*** Opening of Material for this task ***

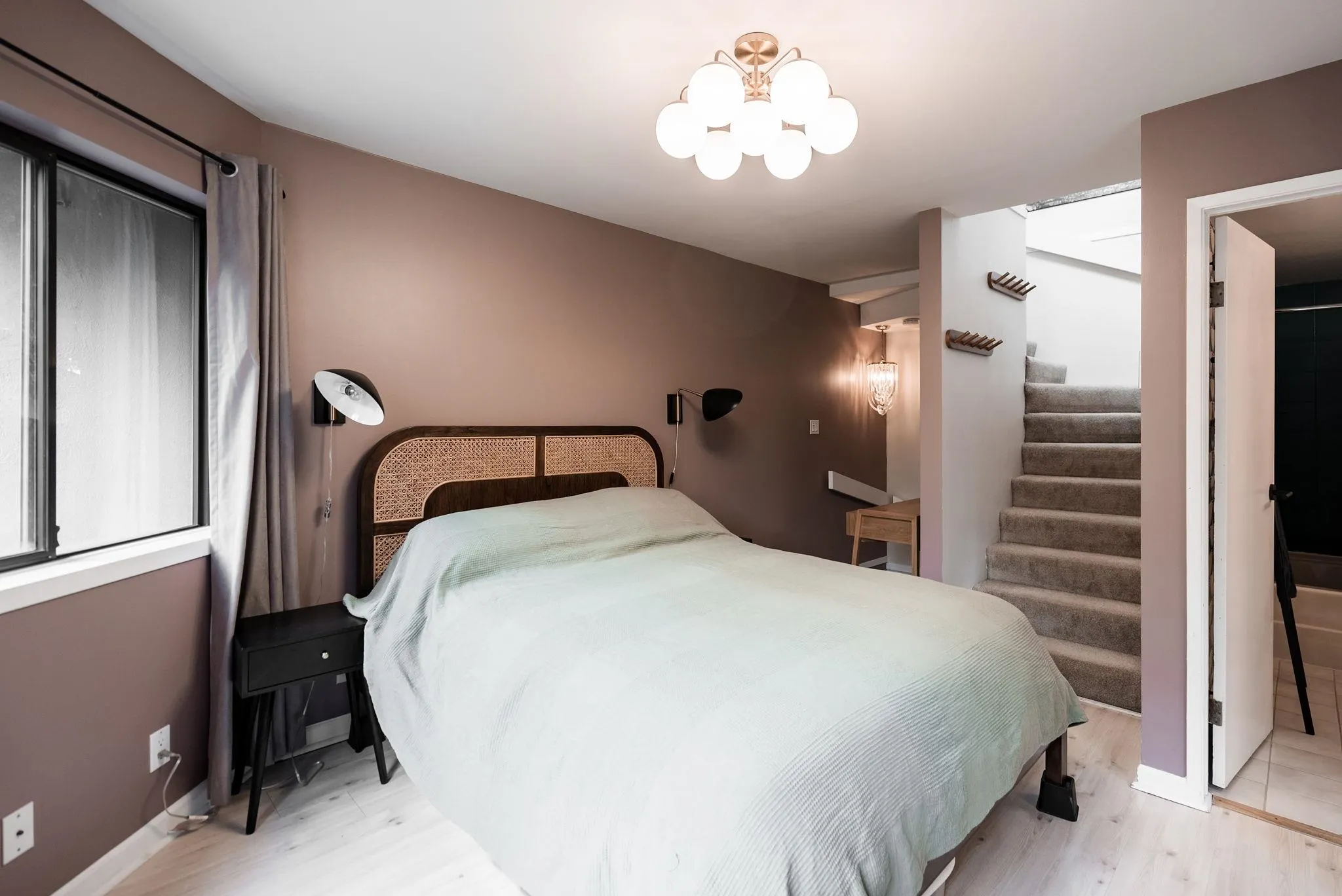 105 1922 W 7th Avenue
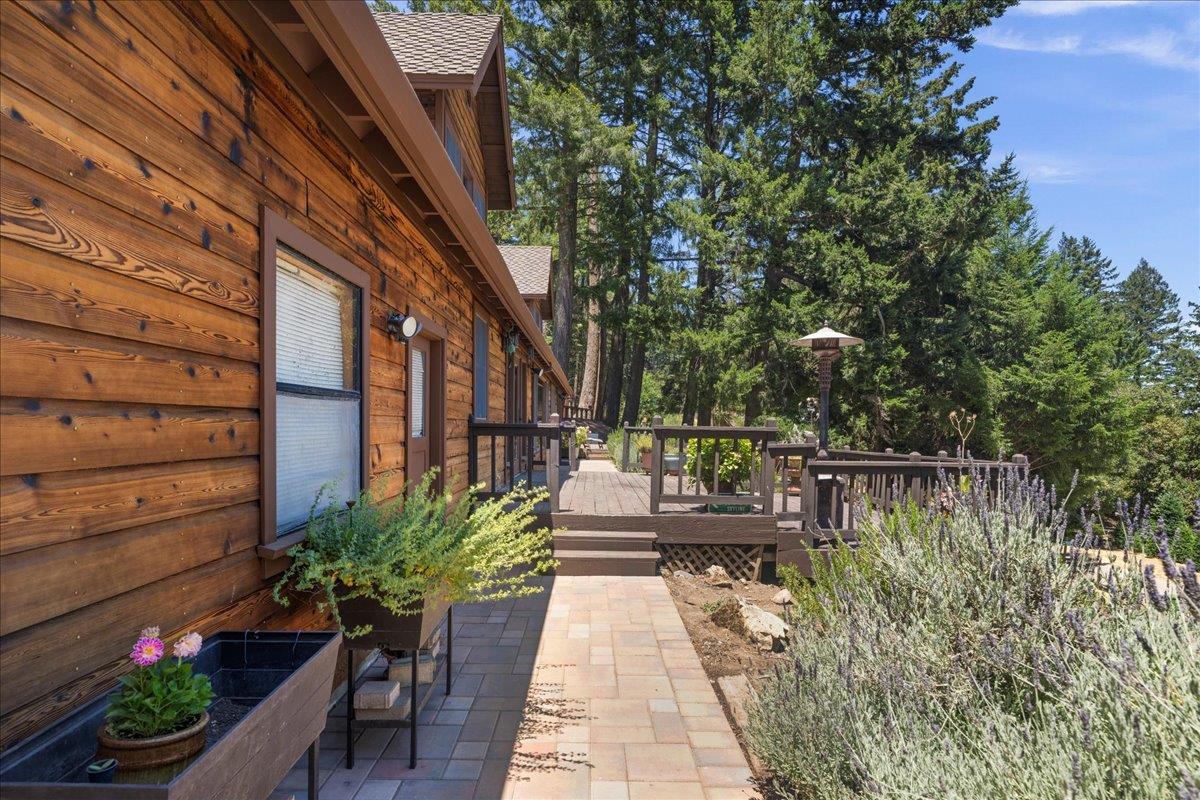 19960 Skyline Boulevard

*** Close of Material for this task ***
*** Opening of Material for this task ***

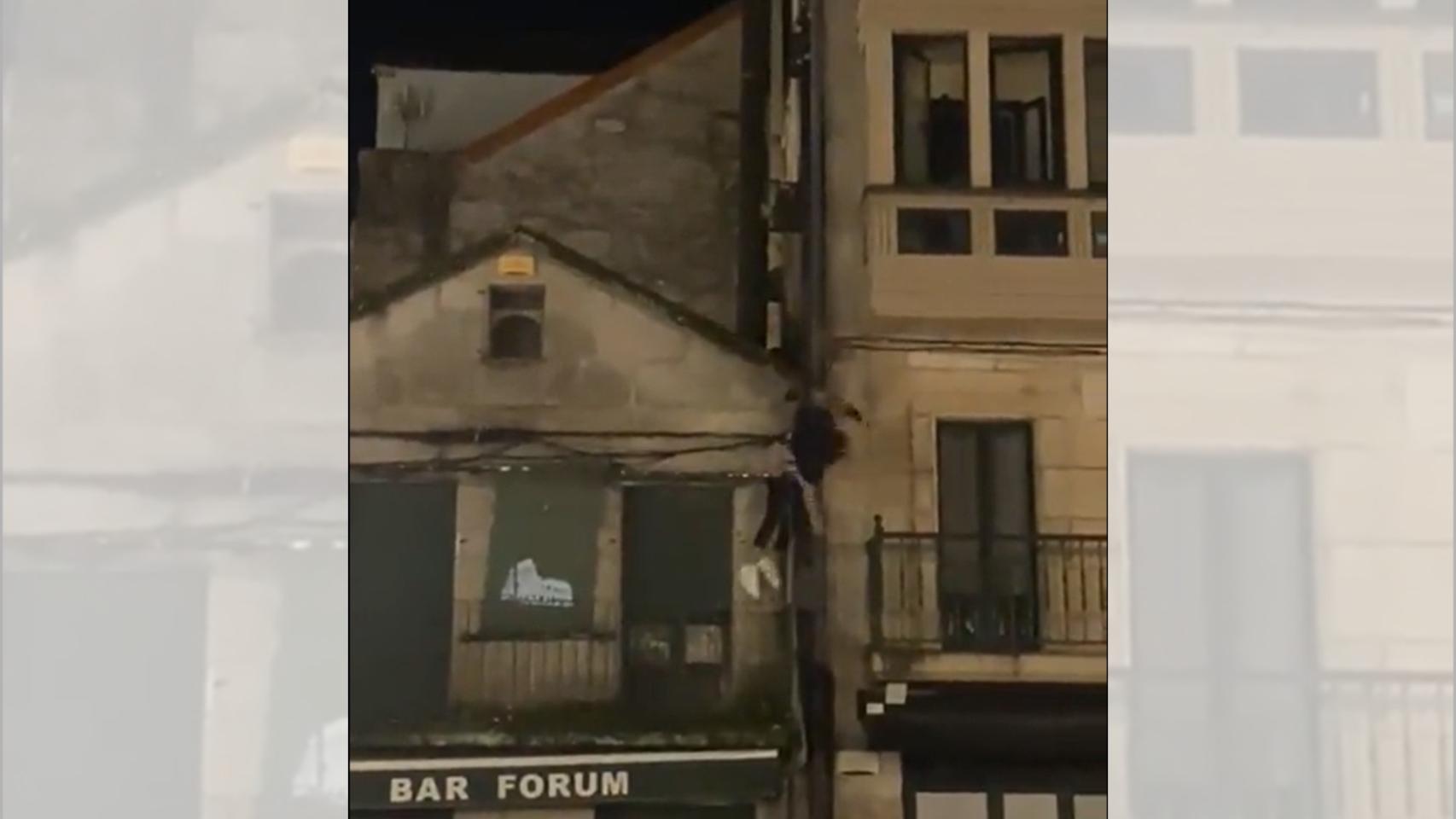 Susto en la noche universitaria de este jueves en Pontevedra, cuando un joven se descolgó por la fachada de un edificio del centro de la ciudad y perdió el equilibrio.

*** Close of Material for this task ***
*** Opening of Material for this task ***

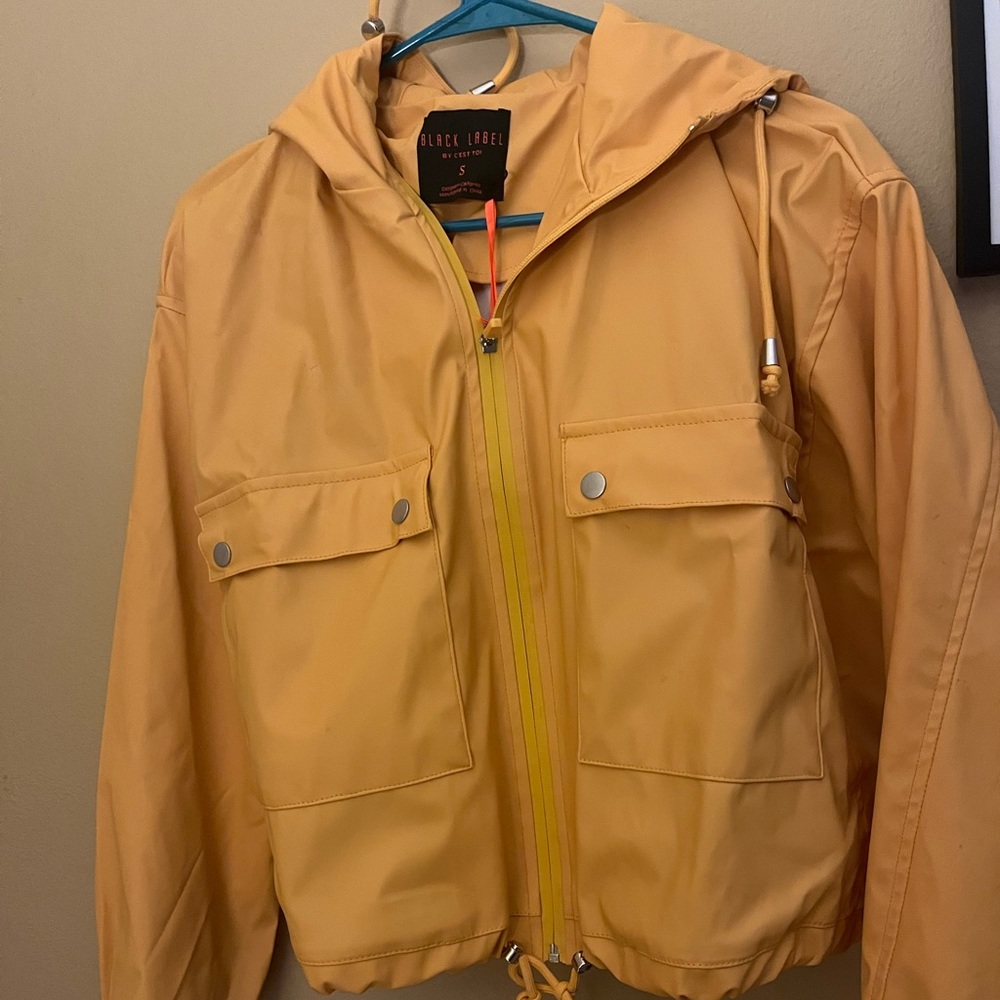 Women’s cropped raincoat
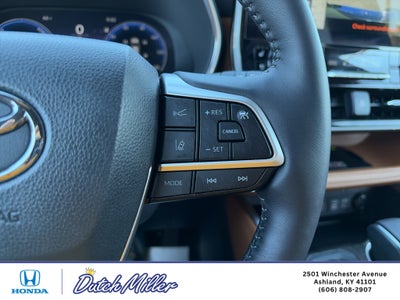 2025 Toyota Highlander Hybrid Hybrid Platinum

*** Close of Material for this task ***

Work to be completed →
The material above holds pictures; leave them out. Repeat exactly the lines from the one containing "Women’s cropped raincoat" through the one containing "2025 Toyota Highlander", and nothing else.

Reply to the task →
 Women’s cropped raincoat
 2025 Toyota Highlander Hybrid Hybrid Platinum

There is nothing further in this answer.